By Arthur Vidro
On Consumerism
Over the past few years, car owners have complained about how much their insurance rates have gone up.
It’s true. As vehicles get more expensive, replacement parts likewise get more expensive, which results in more costs to insurers if they have to foot the bill for car repairs.
This is true even if we disregard any tariffs that might be imposed.
From a year ago to now, my own car insurance premium went up by 11%.
But in this case, that’s not so bad.
It went up to $130. I’m not used to paying that much, but I can pay it. And that $130 covers a six-month period. So it’s still less than $22 a month.
I remain amazed at how much more others fork over for their car insurance.
Some of it has to do with geography. Folks in Louisiana, for instance, face higher car insurance rates. Even within a state, rates can vary based on which county one calls home.

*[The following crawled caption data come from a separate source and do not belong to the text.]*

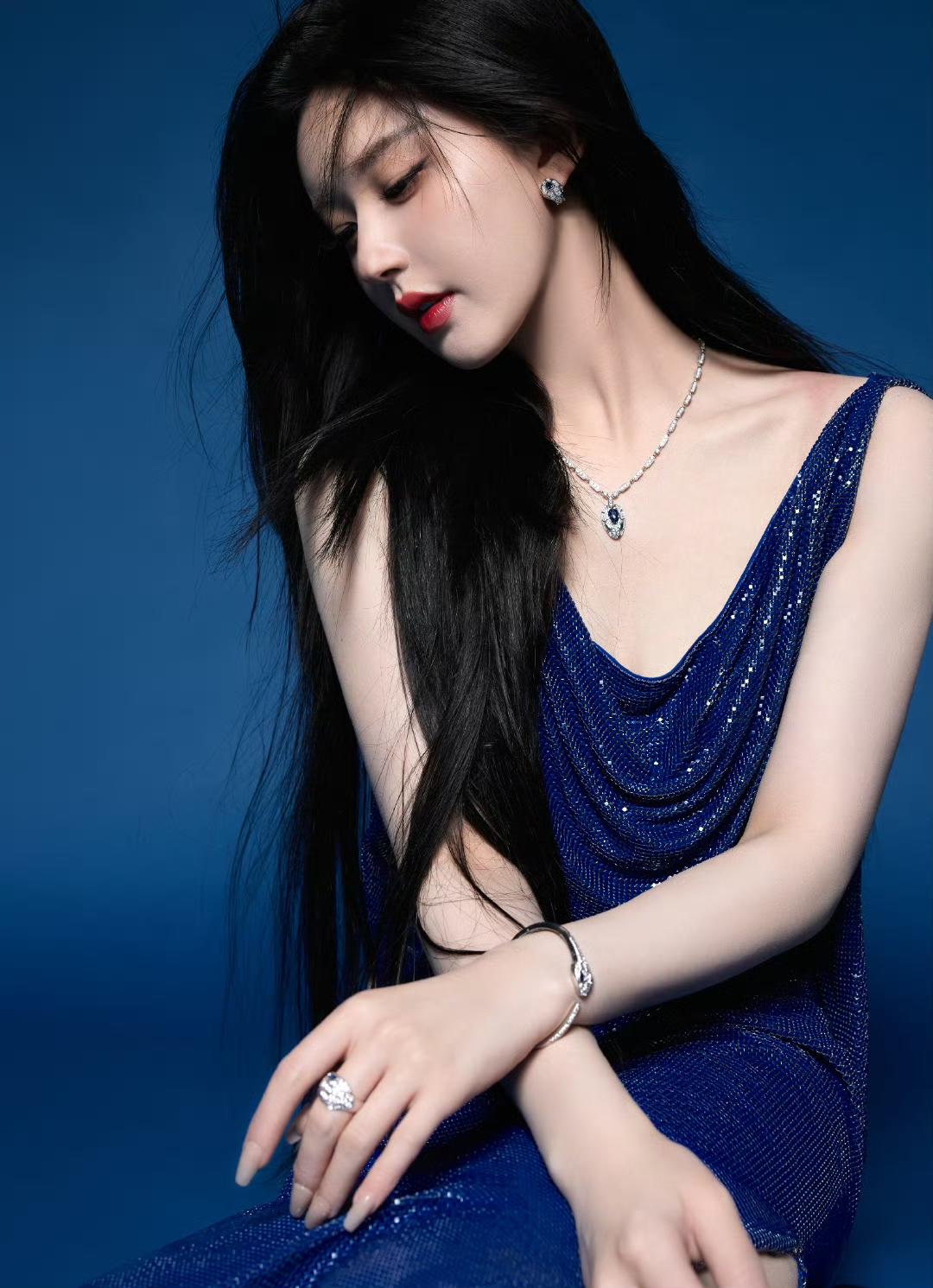 赵露思紫色分叉长裙美腿写真[2]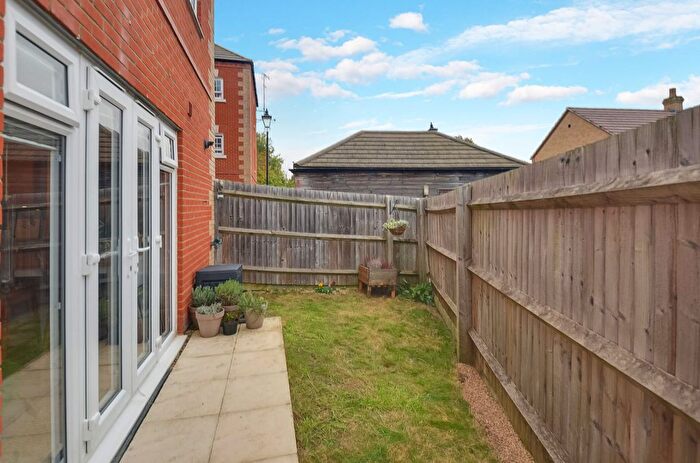 1 Bedroom Flat For Sale In Riddy Walk, Kempston, Bedford, MK42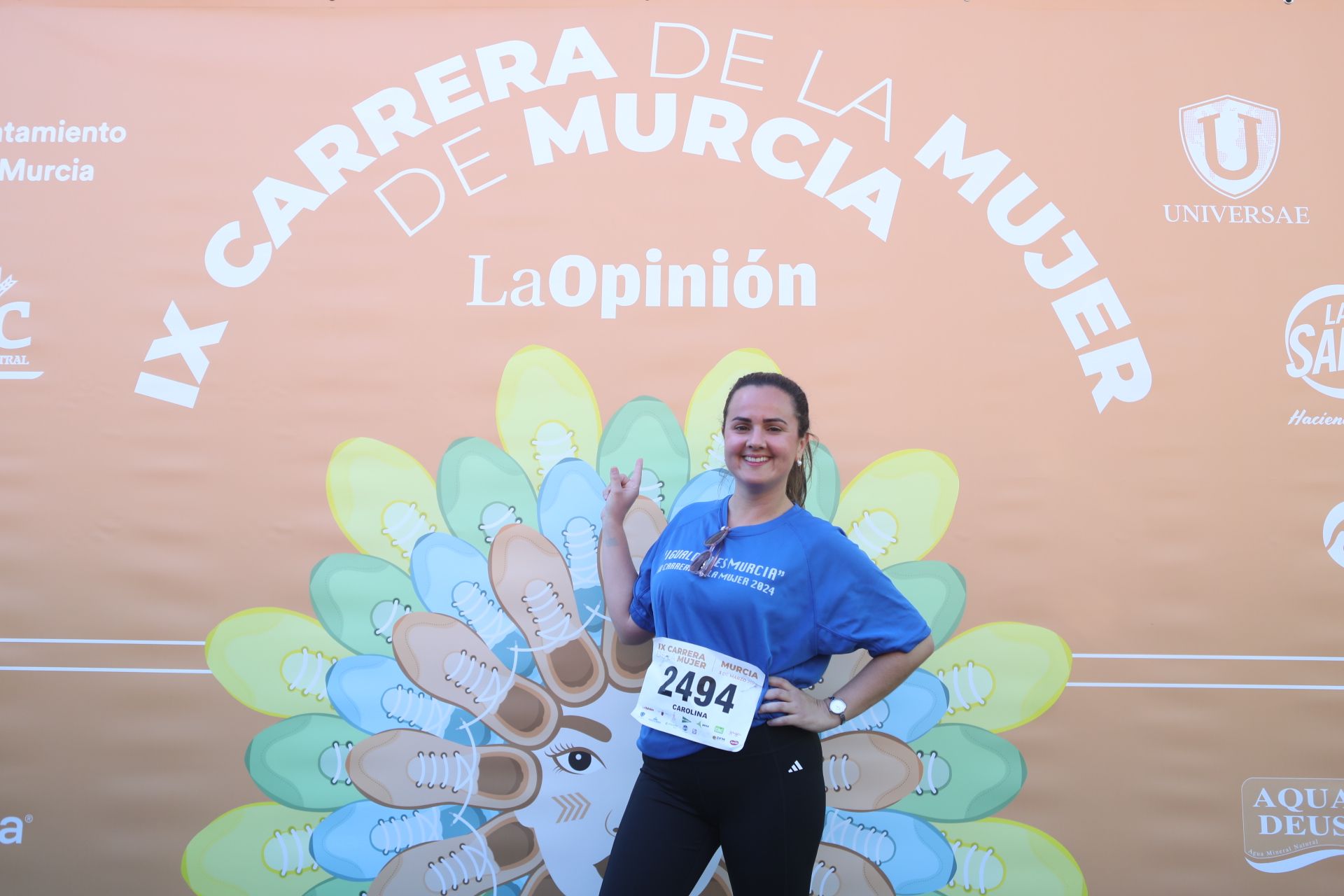 Las participantes posan en el photocall tras finalizar la Carrera de la mujer de Murcia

But a lot of it has to do with title.
You see, you don’t get the title to your car until you’ve paid it off. And until you get the title to your car, it isn’t exactly yours. The financing company has a stake in the matter, and normally as part of their lending you money at whatever rate of interest, they require that the vehicle be insured to the hilt. After all, the vehicle itself is usually the collateral for the loan. You miss a couple payments, they are entitled to repossess the car.
Even if there is no car loan, if you lease a car, you’ll have to pay extra in insurance for the privilege because that car is expected to be in solid condition when the lease expires and it is returned.

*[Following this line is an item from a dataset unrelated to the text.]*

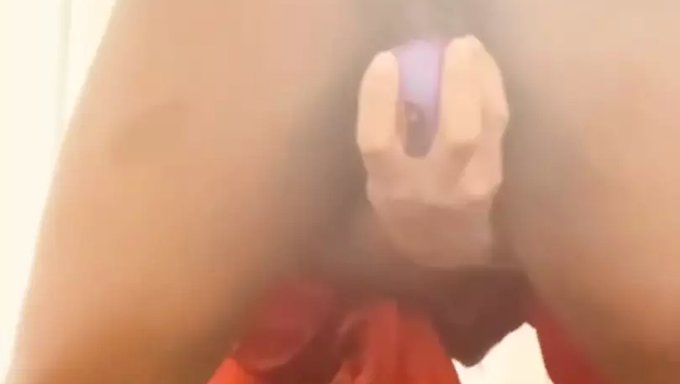 Tek Başına Mastürbasyon Videosunda Kadın Ejakülasyonunun Yakın Çekimi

However, once the car is paid off and you are the sole owner, you can reduce the amount of insurance coverage.
For example, I don’t have what is called comprehensive coverage, which covers you for windshield breakage and car theft. If you live in a high-crime city (such as Miami or New York), you should remain insured for car theft. Also, think twice before dropping comprehensive coverage unless you have off-street parking available, preferably your own garage.
Even if you desire or require comprehensive coverage, there is often a discount on it if you have garage parking available to you. But you have to tell your insurer about the garage, otherwise they won’t know.

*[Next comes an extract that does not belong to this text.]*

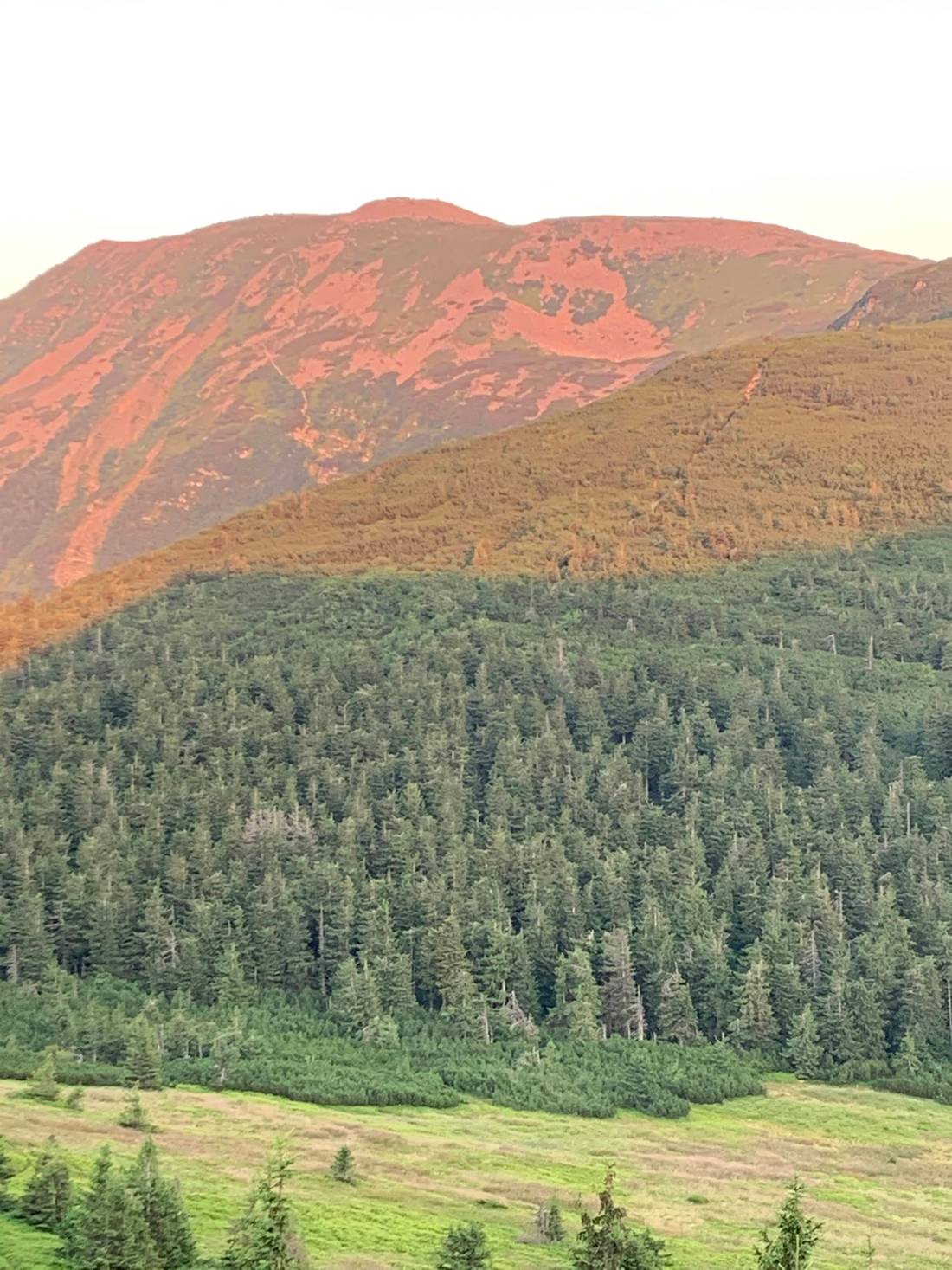 Babia Góra o zachodzie słońca. Widok z Przełęczy Brona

Nor do I have collision coverage. (Though I pay a little extra to make sure we’re covered for human injuries sustained through collisions with uninsured or underinsured vehicles that encounter us.)
If you have a long history of not getting your car dinged, then it might make sense to drop collision coverage. But if your history is one of car crashes every decade, then you’re probably better off keeping the coverage.
One reason I have a history of non-collisions and non-dings is that in parking lots, I have always followed the mantra of “park it where they ain’t,” w hich means I avoid the spots closest to store entrances. This is where vehicular traffic is heaviest and most of the collisions and scrapes occur; though for some reason most everyone else covets those spots. I tend to park 100 to 200 feet from the entrance. The walk won’t do me any harm. And it keeps the car safer.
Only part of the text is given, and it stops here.